O caso do jogo entre Napoli x Juventus, que não aconteceu, foi julgado nesta quarta-feira e assim punido. A Comissão Disciplinar definiu o caso como uma derrota por 3 a 0 diante da Juventus por não ter seguido o protocolo da COVID-19. O clube não compareceu à partida que estava programada para acontecer no dia 4 de outubro.

O Napoli tinha dois casos de COVID-19 no elenco naquele momento, Piotr Zielinski e Eljif Elmas, e o clube preferiu não viajar a Turim e seguir a orientação dada pela Autoridade Local de Saúde (ASL), que pediu que o elenco fizesse um auto isolamento para minimizar os riscos de contágio.

Tanto a Juventus quanto a Lega Serie A argumentaram que essa situação foi levada em consideração no protocolo de COVID-19, aceito por todos os clubes antes de começar a temporada. Alegaram ainda que dois casos da doença não justificam a retirada da partida. Com isso, a Comissão Disciplinar determinou que o Napoli não tinha razões suficientes para justificar a ausência da partida.

Teoricamente, a ASL poderia tecnicamente estar acima do protocolo da Serie A, mas a investigação decidiu que a situação julgada não justificava motivo de “força maior”, que só seriam válidas em caso de circunstâncias imprevisíveis para impedir a viagem.

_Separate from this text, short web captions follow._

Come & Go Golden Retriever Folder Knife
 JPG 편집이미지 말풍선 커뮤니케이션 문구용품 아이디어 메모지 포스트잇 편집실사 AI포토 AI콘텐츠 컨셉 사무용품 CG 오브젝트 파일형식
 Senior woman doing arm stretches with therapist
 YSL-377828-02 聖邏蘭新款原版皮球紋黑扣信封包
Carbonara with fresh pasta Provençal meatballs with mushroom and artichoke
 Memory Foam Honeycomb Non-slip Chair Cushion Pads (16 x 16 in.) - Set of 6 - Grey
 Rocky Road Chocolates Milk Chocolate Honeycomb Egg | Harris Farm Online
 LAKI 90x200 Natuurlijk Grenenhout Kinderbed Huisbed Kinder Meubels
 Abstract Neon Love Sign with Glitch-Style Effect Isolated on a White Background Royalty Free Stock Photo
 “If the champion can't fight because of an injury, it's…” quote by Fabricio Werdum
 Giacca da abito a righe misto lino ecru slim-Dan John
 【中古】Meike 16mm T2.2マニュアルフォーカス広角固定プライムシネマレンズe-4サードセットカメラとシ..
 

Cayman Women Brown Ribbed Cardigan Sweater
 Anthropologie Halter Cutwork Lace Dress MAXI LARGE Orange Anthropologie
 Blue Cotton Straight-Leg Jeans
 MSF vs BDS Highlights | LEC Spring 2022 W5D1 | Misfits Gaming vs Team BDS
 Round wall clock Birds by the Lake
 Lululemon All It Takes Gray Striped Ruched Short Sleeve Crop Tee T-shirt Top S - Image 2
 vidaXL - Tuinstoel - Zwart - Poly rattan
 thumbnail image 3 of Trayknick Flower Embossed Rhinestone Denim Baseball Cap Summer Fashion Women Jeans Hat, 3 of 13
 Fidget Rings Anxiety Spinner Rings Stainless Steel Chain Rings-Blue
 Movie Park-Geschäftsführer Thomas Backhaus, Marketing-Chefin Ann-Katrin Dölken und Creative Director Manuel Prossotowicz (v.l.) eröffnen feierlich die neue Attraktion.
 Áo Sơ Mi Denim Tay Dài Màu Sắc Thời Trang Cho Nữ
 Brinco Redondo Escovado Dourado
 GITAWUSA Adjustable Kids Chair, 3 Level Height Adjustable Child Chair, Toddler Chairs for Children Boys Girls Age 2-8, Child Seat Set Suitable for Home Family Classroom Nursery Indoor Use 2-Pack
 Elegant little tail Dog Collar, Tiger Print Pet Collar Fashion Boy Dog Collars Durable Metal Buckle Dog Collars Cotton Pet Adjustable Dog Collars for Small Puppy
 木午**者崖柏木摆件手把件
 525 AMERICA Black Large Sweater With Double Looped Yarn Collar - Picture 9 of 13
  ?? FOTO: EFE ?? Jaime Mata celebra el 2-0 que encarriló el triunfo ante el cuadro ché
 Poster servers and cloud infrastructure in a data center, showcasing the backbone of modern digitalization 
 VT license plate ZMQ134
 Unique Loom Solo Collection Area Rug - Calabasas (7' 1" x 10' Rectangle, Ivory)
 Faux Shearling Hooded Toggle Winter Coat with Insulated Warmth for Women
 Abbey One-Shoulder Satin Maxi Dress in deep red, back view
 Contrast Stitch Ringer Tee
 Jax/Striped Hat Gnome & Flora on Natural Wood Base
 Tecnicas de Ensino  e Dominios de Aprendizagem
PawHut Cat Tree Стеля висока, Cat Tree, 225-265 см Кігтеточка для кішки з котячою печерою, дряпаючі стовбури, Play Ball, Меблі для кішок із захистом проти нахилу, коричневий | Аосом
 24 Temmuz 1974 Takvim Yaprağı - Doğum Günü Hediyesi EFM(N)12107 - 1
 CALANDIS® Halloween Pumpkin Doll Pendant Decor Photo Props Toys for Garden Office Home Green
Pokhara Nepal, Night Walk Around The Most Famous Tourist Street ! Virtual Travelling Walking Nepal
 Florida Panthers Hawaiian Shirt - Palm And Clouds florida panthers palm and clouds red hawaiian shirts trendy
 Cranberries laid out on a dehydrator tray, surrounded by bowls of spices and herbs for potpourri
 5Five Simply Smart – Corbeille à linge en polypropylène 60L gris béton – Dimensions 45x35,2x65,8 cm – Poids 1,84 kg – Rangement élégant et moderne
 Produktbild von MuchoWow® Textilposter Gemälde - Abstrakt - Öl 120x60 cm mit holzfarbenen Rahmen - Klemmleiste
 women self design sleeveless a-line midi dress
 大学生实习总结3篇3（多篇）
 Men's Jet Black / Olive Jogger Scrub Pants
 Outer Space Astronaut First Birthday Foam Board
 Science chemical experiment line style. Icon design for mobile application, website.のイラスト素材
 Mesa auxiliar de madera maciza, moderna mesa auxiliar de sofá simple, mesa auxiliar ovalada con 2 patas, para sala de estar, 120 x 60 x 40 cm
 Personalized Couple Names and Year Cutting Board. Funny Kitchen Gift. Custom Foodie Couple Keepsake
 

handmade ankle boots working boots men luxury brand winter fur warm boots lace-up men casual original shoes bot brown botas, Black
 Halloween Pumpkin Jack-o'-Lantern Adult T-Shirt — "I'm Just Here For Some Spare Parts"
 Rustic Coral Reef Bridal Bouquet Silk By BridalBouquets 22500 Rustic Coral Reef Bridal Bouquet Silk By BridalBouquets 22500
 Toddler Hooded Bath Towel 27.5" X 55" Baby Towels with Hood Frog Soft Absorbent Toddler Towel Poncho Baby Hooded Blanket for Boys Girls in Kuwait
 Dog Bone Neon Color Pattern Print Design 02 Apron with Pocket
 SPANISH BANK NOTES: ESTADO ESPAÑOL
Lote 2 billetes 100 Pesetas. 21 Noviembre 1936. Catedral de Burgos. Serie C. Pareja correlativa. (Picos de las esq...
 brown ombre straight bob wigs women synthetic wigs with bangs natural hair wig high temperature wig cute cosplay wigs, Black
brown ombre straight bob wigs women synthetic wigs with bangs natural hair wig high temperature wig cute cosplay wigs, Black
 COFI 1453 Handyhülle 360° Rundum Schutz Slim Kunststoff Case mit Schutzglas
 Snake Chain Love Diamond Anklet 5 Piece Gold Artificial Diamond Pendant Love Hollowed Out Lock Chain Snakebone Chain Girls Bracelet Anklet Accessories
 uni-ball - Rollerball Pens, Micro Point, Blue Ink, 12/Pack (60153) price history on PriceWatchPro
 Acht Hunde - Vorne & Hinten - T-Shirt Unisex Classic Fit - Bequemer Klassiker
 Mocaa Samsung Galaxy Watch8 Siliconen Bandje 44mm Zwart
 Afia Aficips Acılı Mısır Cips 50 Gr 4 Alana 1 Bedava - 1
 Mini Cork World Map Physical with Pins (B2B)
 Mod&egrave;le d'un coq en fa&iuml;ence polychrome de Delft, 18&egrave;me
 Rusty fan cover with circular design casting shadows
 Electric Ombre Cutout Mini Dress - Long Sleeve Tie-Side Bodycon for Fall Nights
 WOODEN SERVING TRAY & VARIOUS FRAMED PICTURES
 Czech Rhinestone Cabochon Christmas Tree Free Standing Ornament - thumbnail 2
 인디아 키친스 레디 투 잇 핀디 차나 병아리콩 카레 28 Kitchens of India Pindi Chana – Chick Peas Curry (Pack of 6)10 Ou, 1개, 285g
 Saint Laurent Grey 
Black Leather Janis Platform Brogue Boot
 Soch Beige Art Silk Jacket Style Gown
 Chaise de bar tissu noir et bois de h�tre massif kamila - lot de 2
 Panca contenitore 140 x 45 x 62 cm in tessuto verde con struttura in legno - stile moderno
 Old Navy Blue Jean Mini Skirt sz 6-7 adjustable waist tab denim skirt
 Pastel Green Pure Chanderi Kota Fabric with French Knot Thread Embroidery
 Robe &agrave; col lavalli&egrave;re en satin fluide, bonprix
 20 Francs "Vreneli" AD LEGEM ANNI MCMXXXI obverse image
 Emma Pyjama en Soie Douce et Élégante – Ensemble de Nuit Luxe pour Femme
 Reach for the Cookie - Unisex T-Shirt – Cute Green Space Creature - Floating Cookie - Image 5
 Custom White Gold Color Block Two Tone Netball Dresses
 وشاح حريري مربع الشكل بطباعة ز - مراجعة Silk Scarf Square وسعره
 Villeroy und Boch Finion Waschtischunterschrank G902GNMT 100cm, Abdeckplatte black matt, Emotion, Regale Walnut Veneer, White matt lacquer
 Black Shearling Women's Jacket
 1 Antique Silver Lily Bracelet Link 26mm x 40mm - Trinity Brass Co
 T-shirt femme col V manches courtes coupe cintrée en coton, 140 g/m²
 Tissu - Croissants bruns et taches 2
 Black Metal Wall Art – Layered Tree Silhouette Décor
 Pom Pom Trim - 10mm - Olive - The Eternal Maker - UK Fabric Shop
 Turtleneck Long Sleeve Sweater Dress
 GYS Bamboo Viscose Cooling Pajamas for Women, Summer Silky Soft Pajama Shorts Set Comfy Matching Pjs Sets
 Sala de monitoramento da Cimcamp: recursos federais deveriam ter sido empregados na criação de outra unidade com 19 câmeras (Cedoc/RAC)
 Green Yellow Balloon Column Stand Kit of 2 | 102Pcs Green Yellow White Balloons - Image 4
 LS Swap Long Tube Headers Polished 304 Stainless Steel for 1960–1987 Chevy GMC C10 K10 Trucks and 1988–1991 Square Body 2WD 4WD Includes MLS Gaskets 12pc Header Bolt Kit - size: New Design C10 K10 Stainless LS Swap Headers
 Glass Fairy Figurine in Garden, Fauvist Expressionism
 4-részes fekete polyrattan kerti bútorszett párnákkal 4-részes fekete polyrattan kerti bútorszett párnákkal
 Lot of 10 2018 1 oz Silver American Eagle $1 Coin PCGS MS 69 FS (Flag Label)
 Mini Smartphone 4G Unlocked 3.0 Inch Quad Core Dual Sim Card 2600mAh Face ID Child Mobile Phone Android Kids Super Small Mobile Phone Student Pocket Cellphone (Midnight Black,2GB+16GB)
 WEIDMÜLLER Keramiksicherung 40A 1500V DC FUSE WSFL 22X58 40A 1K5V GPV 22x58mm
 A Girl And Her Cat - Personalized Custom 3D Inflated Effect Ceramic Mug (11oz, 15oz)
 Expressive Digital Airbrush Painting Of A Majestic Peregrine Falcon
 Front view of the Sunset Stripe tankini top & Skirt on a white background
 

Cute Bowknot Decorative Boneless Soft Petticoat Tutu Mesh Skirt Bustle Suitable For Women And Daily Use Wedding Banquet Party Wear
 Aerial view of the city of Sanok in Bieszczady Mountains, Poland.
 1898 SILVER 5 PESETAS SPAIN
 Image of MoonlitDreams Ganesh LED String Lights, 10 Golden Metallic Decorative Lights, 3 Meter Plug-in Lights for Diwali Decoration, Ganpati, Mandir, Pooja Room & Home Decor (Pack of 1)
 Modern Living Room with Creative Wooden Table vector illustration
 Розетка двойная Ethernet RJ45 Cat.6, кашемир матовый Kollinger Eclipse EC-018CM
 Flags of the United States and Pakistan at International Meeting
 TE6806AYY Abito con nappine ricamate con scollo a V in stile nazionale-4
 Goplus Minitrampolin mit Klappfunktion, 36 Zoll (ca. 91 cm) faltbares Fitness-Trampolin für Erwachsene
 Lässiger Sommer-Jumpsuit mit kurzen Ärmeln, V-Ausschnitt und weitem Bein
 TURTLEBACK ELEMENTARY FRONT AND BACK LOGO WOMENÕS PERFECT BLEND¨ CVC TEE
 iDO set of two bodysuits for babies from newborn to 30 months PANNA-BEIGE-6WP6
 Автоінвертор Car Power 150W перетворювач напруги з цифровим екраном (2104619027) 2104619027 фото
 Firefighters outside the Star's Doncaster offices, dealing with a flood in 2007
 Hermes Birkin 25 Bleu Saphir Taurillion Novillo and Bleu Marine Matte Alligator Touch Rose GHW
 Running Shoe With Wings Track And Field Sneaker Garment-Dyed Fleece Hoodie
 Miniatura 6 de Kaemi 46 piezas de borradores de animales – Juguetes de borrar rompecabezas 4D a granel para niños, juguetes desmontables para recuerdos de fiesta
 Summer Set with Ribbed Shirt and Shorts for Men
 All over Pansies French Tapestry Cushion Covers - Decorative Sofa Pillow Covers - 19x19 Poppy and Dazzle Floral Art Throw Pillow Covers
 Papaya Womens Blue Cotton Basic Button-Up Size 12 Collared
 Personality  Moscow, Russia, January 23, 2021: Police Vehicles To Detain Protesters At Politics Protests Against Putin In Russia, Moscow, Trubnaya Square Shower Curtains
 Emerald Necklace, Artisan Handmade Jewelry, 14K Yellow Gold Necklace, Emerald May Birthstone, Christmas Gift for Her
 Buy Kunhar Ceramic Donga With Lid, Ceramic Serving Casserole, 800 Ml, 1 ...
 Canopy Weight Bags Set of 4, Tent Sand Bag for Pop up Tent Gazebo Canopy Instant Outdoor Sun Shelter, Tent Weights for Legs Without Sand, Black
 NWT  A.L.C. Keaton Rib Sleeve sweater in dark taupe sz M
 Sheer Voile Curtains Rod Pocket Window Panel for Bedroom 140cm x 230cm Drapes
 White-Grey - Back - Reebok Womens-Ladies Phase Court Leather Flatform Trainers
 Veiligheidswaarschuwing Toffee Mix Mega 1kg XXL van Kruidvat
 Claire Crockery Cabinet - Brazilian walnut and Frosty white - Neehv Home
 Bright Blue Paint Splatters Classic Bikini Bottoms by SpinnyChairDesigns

Com isso, a punição dada ao Napoli foi uma derrota por 3 a 0 pela partida não disputada, e ainda perde um ponto por não comparecer ao encontro marcado.

O protocolo seguido pela Serie A é o mesmo da Uefa, que também está sendo usado no Brasil: caso um time tenha 13 jogadores disponíveis, sendo ao menos um deles goleiro, o jogo deve acontecer. Nesta temporada tivemos casos de não comparecimento a jogos por número de casos de COVID-19 na Champions League, o que levou o clube a ser eliminado, como aconteceu com Slovan Bratislava e Prishtina.

A decisão deixa claro que embora a instrução da ASL tornasse mais difícil viajar para Turim, não era uma proibição para fazê-lo até o domingo, momento que o Napoli já havia cancelado seu voo e hotel. A Comissão Disciplinar afirmou ainda que não pode fazer um julgamento de valor sobre a decisão do Napoli de não viajar. Havia dois caminhos a se seguir: alegar que foi um motivo de força maior que impedisse o Napoli de viajar ou que o clube fosse punido com uma derrota por 3 a 0 e punido por um ponto por não comparecer à partida.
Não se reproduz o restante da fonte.